» **GIVEN DATA**
■ ■ ■
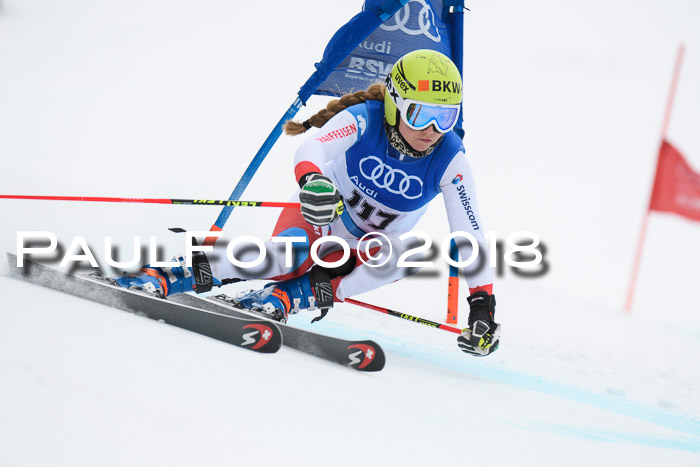 FIS Riesenslalom, Damen + Herren, Oberjoch, 15.02.2018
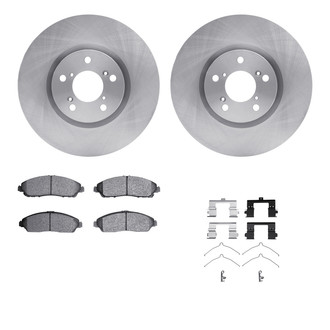 R1 Concepts® - eLINE Series Front Brake Kit with Ceramic Pads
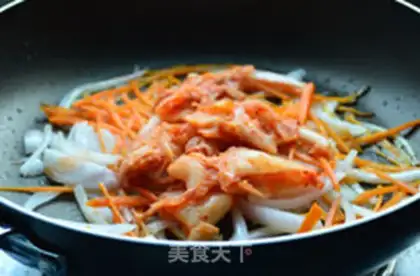 Make Hot sauerkraut step 5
■ ■ ■
» **ACTIVITY**
With the pictures omitted, copy exactly the lines from the line that contains "R1 Concepts® - eLINE" through the end of the material.

» **SOLUTION TO THIS TASK**
 R1 Concepts® - eLINE Series Front Brake Kit with Ceramic Pads
 Make Hot sauerkraut step 5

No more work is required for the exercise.